Method Identity¶

This repo now treats method selection as two explicit axes instead of one overloaded knob:

Algorithm family: controlled by training.objective plus training.seed_grpo_enabled.
Loss backend: controlled by training.grpo_loss_type.

That separation matters because objective: grpo does not tell you whether a run is plain GRPO, BNPO-style GRPO, Dr.GRPO, or SEED-GRPO on top of Dr.GRPO.
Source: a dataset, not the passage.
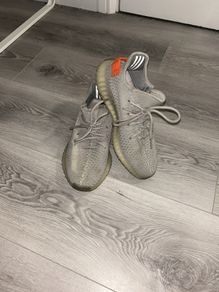 uk 6 yeezy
Current 1.5B Math Presets¶

Preset	Family	`objective`	`seed_grpo_enabled`	`grpo_loss_type`	Canonical label
`configs/recipes/hydra/grpo_custom_math.yaml`	Baseline GRPO	`grpo`	`false`	`dr_grpo`	`Dr.GRPO`
`configs/recipes/hydra/maxent_entropy_math.yaml`	Entropy MaxEnt	`maxent_entropy`	`false`	`dr_grpo`	`Entropy MaxEnt (Dr.GRPO loss)`
`configs/recipes/hydra/maxent_listwise_math.yaml`	Listwise MaxEnt	`maxent_listwise`	`false`	`dr_grpo`	`Listwise MaxEnt (Dr.GRPO loss)`
`configs/recipes/hydra/seed_grpo_math.yaml`	SEED-GRPO	`grpo`	`true`	`dr_grpo`	`SEED-GRPO (Dr.GRPO loss)`

The filename grpo_custom_math.yaml is historical. In the current 1.5B math setup, it is the baseline Dr.GRPO preset because it pins grpo_loss_type: dr_grpo.

Source of Truth¶

src/maxent_grpo/objectives.py: normalizes the top-level objective family.
src/maxent_grpo/methods.py: resolves the final method identity from family + backend.
src/maxent_grpo/config/grpo.py: validates and normalizes grpo_loss_type and the family-selection flags.
src/maxent_grpo/training/trl_trainer.py: logs the resolved method at trainer startup.
src/maxent_grpo/training/runtime/logging.py: writes run/method_name, run/method_family, run/method_backend, and run/method_slug into run metadata/W&B config.

Family-Specific Code¶

Baseline GRPO / Dr.GRPO backend: src/maxent_grpo/training/trl_trainer.py
SEED-GRPO advantage scaling: src/maxent_grpo/training/rewards.py
Entropy MaxEnt objective: src/maxent_grpo/training/trl_trainer.py
Listwise MaxEnt objective + tau/q/beta weighting: src/maxent_grpo/training/trl_trainer.py and src/maxent_grpo/training/weighting/logic.py

Recommended Convention¶

For reproducibility, always record both axes together:

family: grpo / seed_grpo / maxent_entropy / maxent_listwise
backend: grpo / bnpo / dr_grpo

In practice, use the runtime metadata fields rather than inferring from filenames alone:

run/method_name
run/method_family
run/method_backend
run/method_slug